Ant writes "CNET News.com says habitual activity (e.g., smoking, eating fatty foods, gambling, etc.) changes neural activity patterns in a specific region of the brain when habits are formed. These neural patterns created by habit can be changed or altered. But when a stimulus from the old days returns, the dormant pattern can reassert itself, according to a new study from the M.I.T., putting an individual in a neural state akin to being on autopilot... The neural patterns get established in the basal ganglia, a brain region critical to habits, addiction and procedural learning."

10 of 231 comments (clear)

  1. mystery solved, I hope this isn't hopeless by yagu · · Score: 3, Interesting

    Disclaimer: posting on slashdot is a hard habit to break... I can't stop.

    Interesting article, but a little thin on details.

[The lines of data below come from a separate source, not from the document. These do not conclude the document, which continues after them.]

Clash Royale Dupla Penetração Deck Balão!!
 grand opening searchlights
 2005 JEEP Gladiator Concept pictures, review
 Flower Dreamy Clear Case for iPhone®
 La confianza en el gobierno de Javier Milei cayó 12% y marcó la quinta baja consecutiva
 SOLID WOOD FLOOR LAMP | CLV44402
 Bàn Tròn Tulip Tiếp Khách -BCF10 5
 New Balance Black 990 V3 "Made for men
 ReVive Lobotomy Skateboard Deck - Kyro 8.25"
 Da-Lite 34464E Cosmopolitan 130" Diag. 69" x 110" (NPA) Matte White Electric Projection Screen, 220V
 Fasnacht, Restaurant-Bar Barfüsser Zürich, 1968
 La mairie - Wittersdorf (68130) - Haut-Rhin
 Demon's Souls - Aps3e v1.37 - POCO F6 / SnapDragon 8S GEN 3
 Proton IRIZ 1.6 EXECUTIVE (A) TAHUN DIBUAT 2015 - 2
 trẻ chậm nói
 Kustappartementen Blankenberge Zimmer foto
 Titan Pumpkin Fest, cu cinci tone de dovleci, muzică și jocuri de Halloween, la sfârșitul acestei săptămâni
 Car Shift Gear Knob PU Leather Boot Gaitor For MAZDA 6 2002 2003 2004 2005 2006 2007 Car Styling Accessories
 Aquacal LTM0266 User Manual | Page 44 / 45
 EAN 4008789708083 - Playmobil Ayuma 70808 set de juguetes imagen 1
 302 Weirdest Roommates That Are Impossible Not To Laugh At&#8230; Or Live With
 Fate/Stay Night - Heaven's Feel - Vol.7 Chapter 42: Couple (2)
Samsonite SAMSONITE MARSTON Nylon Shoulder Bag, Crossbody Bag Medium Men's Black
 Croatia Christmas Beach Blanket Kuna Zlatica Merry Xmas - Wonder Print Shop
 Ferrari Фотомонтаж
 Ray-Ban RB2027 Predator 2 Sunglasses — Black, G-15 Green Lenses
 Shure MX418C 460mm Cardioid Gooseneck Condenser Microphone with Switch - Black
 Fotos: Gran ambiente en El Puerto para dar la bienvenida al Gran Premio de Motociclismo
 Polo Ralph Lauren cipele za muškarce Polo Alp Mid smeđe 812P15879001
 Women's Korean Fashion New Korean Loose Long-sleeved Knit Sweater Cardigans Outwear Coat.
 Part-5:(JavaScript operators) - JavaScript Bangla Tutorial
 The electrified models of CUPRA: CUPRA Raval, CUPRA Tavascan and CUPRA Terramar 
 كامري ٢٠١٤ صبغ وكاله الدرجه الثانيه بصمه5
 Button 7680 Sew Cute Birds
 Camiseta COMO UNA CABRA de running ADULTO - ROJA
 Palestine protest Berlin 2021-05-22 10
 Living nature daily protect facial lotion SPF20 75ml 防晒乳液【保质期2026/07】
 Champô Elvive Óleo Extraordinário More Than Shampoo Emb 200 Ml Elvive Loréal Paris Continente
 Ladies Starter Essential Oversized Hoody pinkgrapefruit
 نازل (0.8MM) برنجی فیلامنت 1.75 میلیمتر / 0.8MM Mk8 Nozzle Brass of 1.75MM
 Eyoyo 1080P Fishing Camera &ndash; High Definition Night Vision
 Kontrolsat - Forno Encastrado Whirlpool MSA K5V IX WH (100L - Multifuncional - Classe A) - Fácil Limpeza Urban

But if true in some ways I sigh in relief cuz it helps explain:

    • why I always jump to make an early slashdot post
    • why I always used bulleted lists in my posts (check it out!)
    • why "You" always mod me troll or flamebait
    • dupes
    • why I edit everything with vi(m)
    • why crime show dramas beget crime show dramas (just how many nights a week are CSI and Law and Order on these days?)
    • why the Yankees are a perennial playoff team
    • why the Cubs never make the World Series
    • why Larry King marries wife #X
    • why Donald Trump fires Apprentice #X
    • why Steve Ballmer throws chairs across the room
    • why Bob Dylan mumbles instead of sings (kidding)
    • why people wait at all costs and discomfort to get home and take a dump

    Another mystery solved perhaps.

    My followup question is, is it possible to break these patterns, ever? Or are we destined for eternity to be creatures of our own habits? Should we stop buying self-help books?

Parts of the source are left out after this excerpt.